Pascal Soriot revealed that the UK had priority access to the jab in a deal with the University of Oxford in return for an investment and that it was only slightly less effective against the Indian variant than the strain identified in Kent.
The 61-year-old French executive told the Financial Times that a new booster has performed well against other variants in animal studies and that the company is in negotiations with the UK and d ‘other governments on contracts for recalls.
Soriot said the company’s plan to provide the vaccine to a nonprofit in order to repair the industry’s image had been disrupted by “bad luck” and “people misunderstanding things.”
He told the FT: “People are just trying to do their best. They are just trying to produce a vaccine to save lives.

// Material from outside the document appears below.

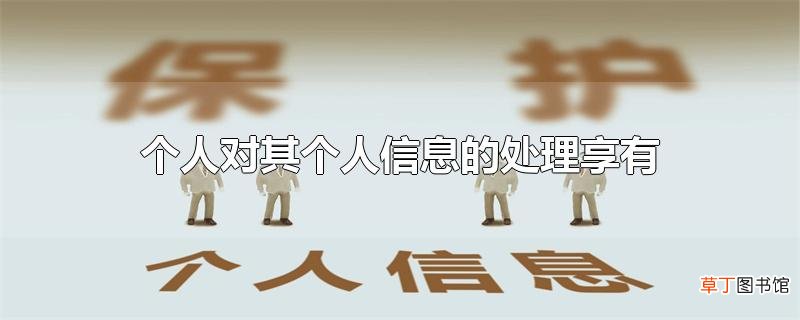个人对其个人信息的处理享有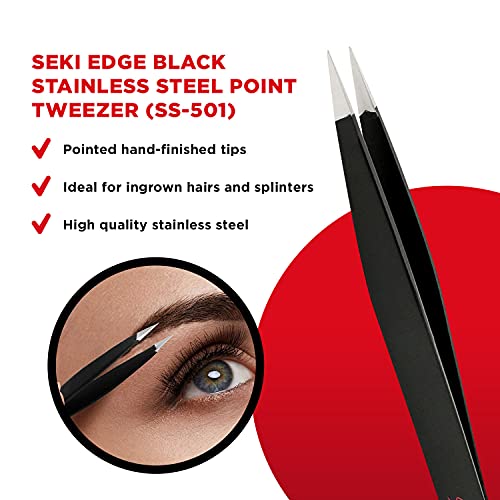 Seki Edge Black Stainless Steel Point Tweezer SS 501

It is that simple.
“And then, being criticized every day, sometimes fair criticism, sometimes by armchair generals who have opinions about everything, is really disheartening.

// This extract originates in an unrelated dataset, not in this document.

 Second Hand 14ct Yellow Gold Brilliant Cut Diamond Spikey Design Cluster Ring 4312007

The chief executive admitted a “clean target” by failing to notify the Data Security Oversight Committee of the US trial of the final simulated data, leading to accusations he released outdated information.
He said: “It is usually not necessary but out of politeness and good practice they should have told them. People worked so hard, they were tired, they were rushing.
Denmark has stopped giving the Oxford / AstraZeneca jab amid concerns over rare cases of blood clots after several European countries had previously briefly suspended the vaccine.
But Soriot, the company’s CEO since 2012, insisted that evidence of efficacy collected in studies after the dosages were approved showed it had “the exact same result” as the Pfizer / BioNTech jab.
Another criticism has been the lack of delivery to the EU, with the European Commission announcing last month that it would take legal action against the pharmaceutical company.
Soriot suggested that the slower roll-out of mass vaccination in Europe was not the Anglo-Swedish company’s fault but due to less aggressive investments.
He said the United States had “a high vaccination rate, but they did not have our vaccine.”
“So if our vaccine is the problem in Europe, are you telling me how the United States achieved such a high vaccination rate?”
The managing director added that Europe “is part of the whole, it is not the whole world” and that many countries want its vaccine.